Data for this task:
┌──

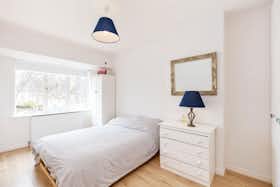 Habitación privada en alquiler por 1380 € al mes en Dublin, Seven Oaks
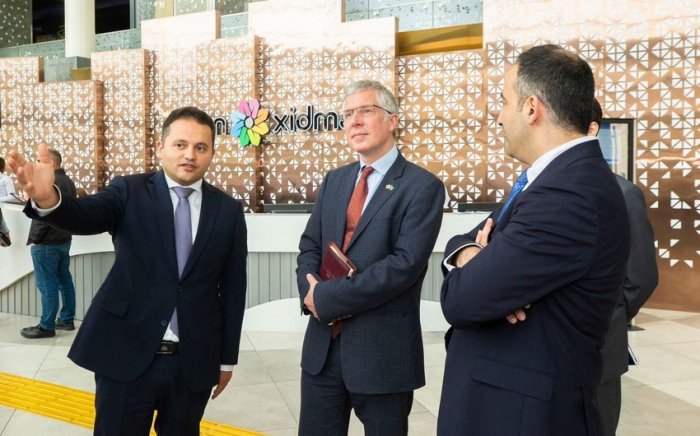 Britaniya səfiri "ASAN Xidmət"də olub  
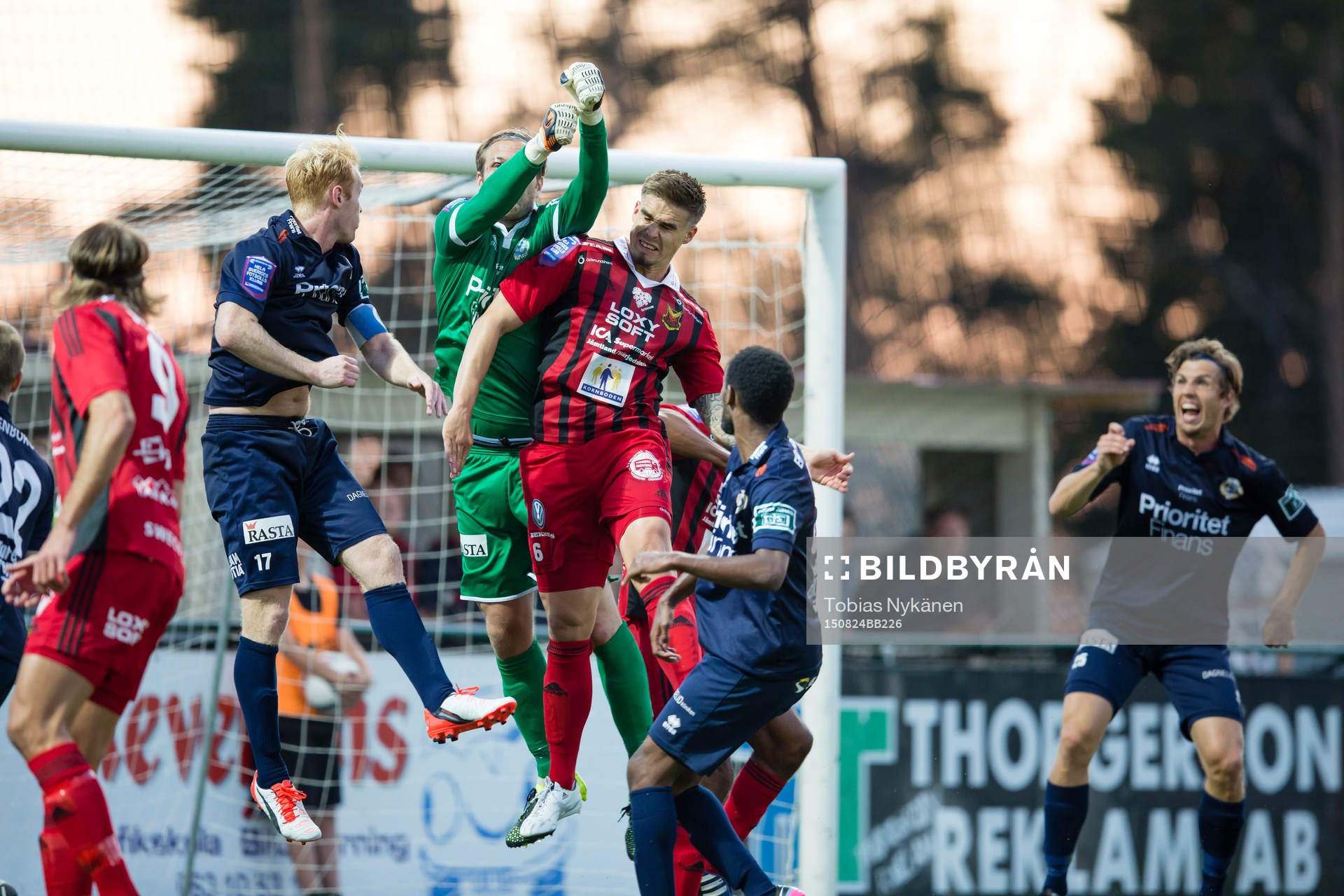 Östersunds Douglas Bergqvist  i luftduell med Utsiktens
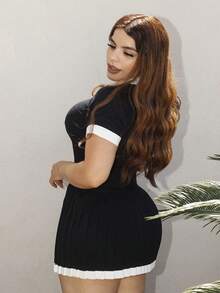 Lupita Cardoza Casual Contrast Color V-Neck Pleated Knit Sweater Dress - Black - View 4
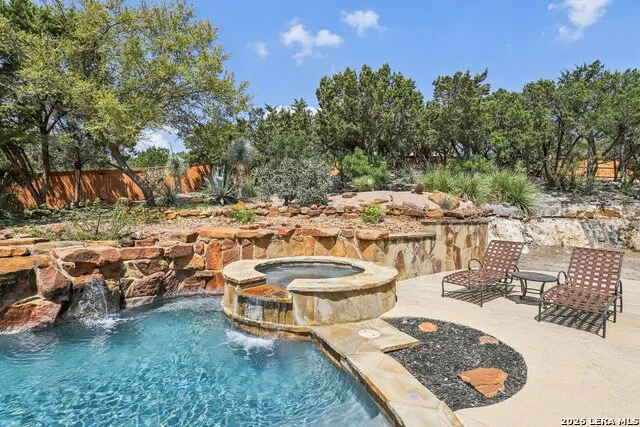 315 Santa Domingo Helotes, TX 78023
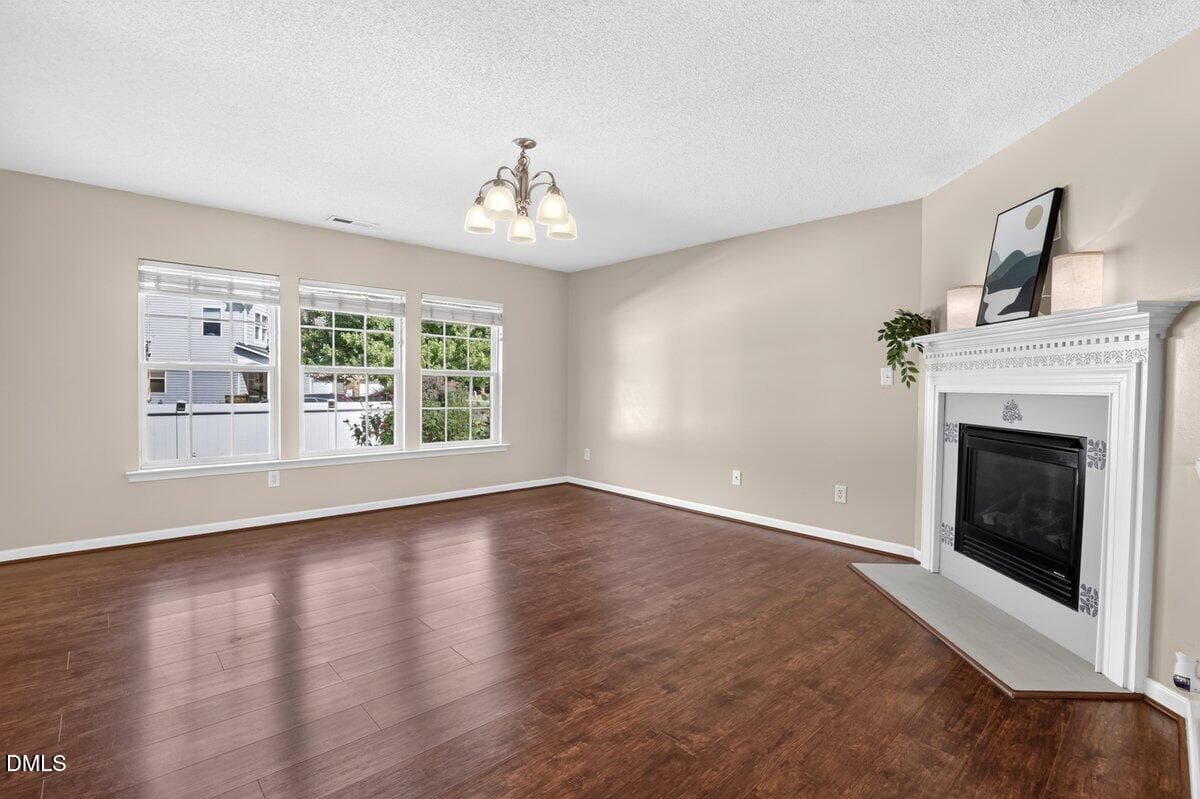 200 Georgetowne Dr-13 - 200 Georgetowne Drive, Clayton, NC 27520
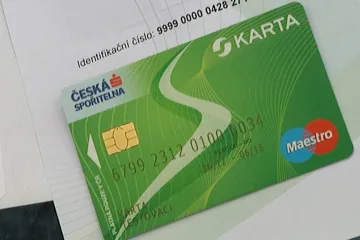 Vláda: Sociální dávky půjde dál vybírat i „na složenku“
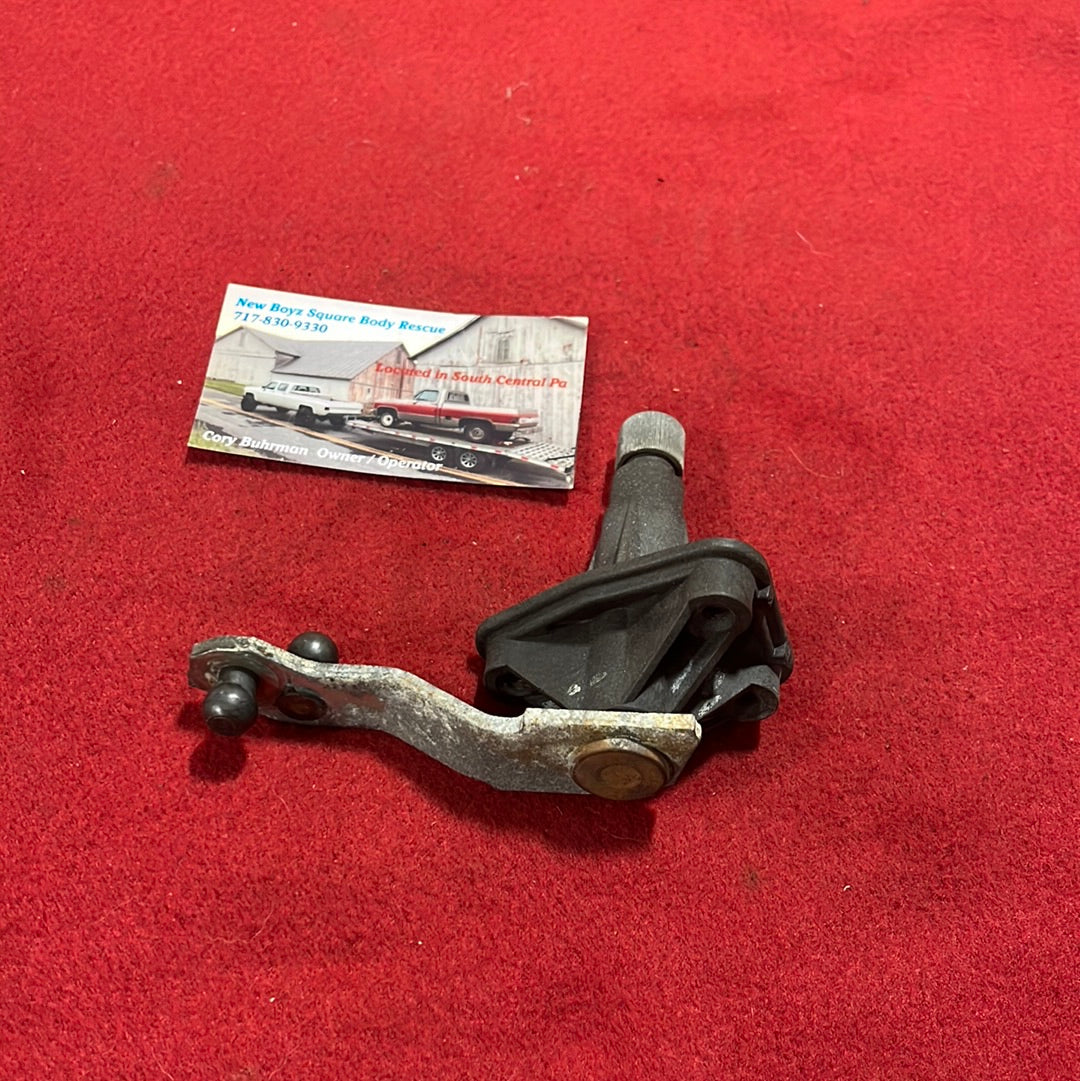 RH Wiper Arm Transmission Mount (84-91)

└──

Exercise description: Take the line containing "Vláda: Sociální dávky" and every line after it up to the end of the entries, and quote them exactly. Both ends count; the pictures do not.

Response below:
 Vláda: Sociální dávky půjde dál vybírat i „na složenku“
 RH Wiper Arm Transmission Mount (84-91)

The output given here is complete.